The national language of Bhutan, Dzongkha, is one of the two Tibeto-Burman languages that now have official national status, the other one being Burmese in Burma. In comparison with Sikkim and Nepal, the linguistic situation in Bhutan is relatively stable. Yet Nepali is also spreading at the expense of Tibeto-Burman. Even Dzongkha is marginalised by the extensive use of English throughout Bhutan and by Nepali. The most endangered language in Bhutan is Lhokpu, which is threatened by linguistic assimilation to the surrounding communities of Nepali colonists in southwestern Bhutan.

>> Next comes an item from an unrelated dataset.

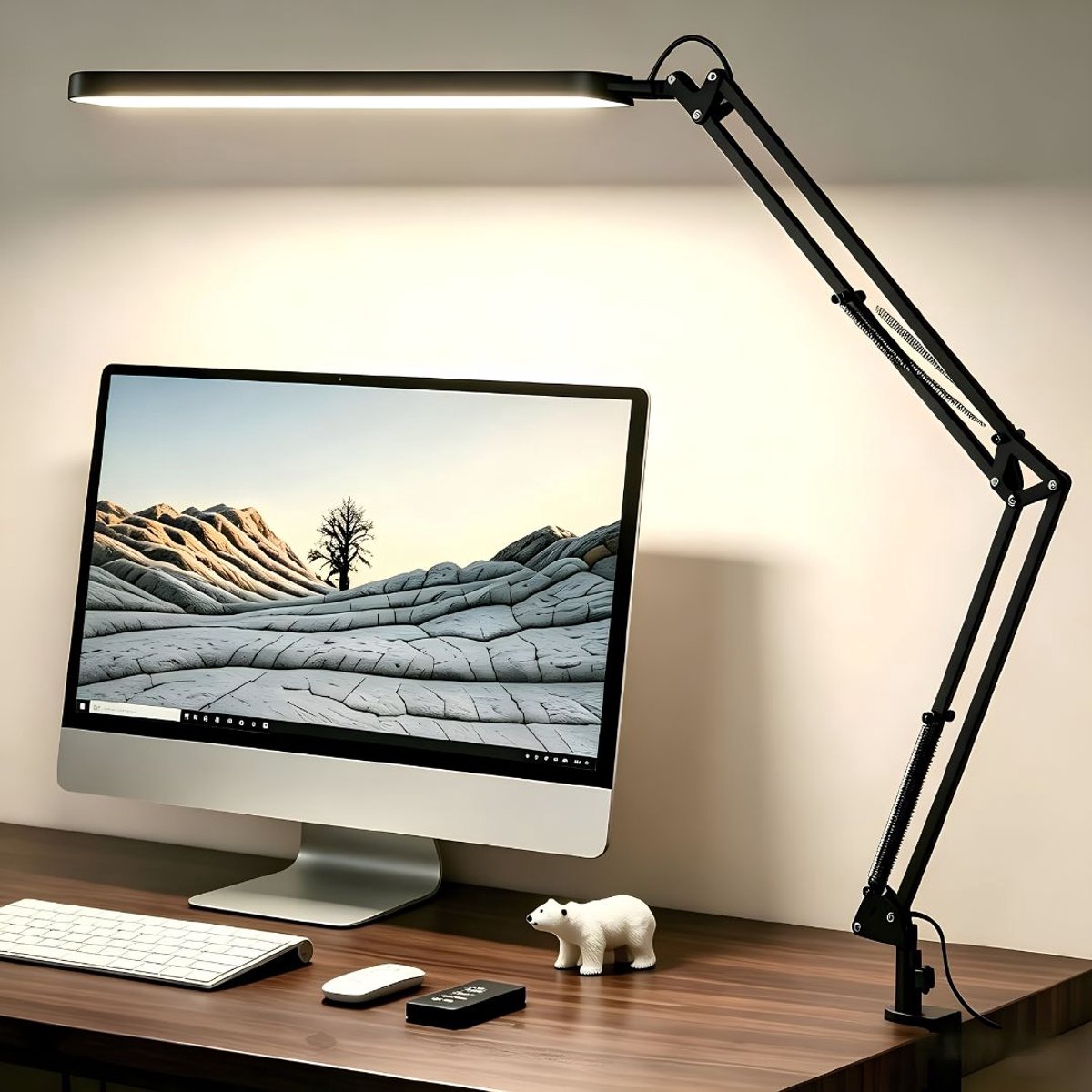 KAD® Bureaulamp - 5 Kleurmodi & Dimbare Verlichting - Verstelbare Bureauverlichting - Zwart - 5cm x 70cm x 80cm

Healthy multilingualism to reverse the trend

We have looked at the past and present pull and push factors that make people favour Nepali at the expense of their own mother tongue. In the case of the many Tibeto-Burman languages spoken in Nepal, for instance, the indigenous language is only spoken in the home domain, and the more prestigious Nepali language influences the indigenous language. Speakers of Lepcha often speak with a language other than Lepcha with other ethnic Lepcha. People moving to the urban areas in search for work or education rapidly shift to national languages, and do not teach their mother tongue to their children. What can we do now to reverse the trend of language loss?

To begin with, we must also acknowledge that even though major languages such as Nepali, Hindi, Bengali and English constitute a threat to the minority languages in the Indian subcontinent and the Himalayan Chain, these important languages also enable speakers of smaller languages to communicate beyond local levels. Knowing a major language is therefore of vital importance to many small, poor and rural communities, just as knowing English is essential to communicate internationally. Monolingualism therefore is not an option.

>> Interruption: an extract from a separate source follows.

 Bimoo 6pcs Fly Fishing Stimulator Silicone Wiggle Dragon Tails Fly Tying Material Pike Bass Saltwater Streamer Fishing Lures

Instead we should promote a healthy bilingualism, which values both the mother tongue and a lingua franca, and as such does not necessarily lead to language loss. A healthy bilingualism should not only be promoted though education (at the primary level), but also at home given that people mistakenly think that children can learn to speak only one language well, whereas the opposite is actually true. Schools can develop a child’s usage of both languages (listen, speak, engage in folklore and literature) and raise its self-esteem. Classes for adults who never learned about their language can foster positive language attitudes, which are needed for passing on the language to one’s children. However, language-teaching programs require good learning materials (respecting of the world view of the indigenous people) and good mother tongue teachers. The state and the dominant cultures must also acknowledge and support the cultural and linguistic rights of minority groups, and introduce the minority languages in the public sphere and media. Article 30 of the Convention on the Rights of the Child, which was ratified by the Government of India, Nepal and Bhutan, states that no indigenous child should be denied the right to use his or her language and practise his or her culture. This article applies to any child and any language.

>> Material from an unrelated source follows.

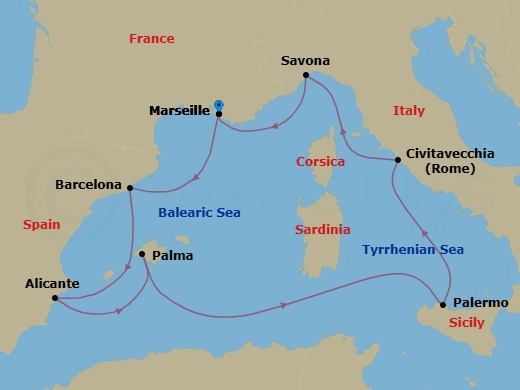 Route map: Marseille → Barcelona → Alicante → PALMA DE MALLORCA → Palermo → Civitavecchia (Rome) → Savona → Marseille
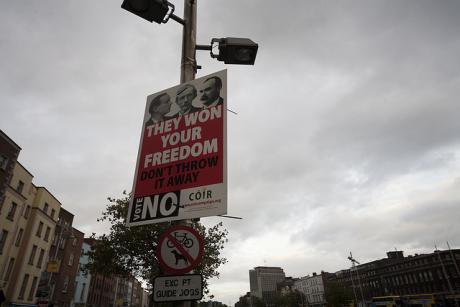 A poster in Dublin urgers voters to reject the Lisbon Treaty with the slogan 'They won your freedom'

The case of Lepcha of Sikkim clearly shows that official state support and education alone is not enough, and that only the community can save its own language by passing it on to their children. Linguists can play an important role in sparking renewed interest in a language and encourage people to preserve their language, as the members of the Himalayan Languages Project have regularly noticed. As such, linguistic research can not only provide documentation of endangered languages for the scholarly community, but also benefit the language communities. I would like to call upon the entire linguistic community, also those present here today, to start doing fieldwork immediately and assist in this much needed effort to preserve our world’s linguistic heritage.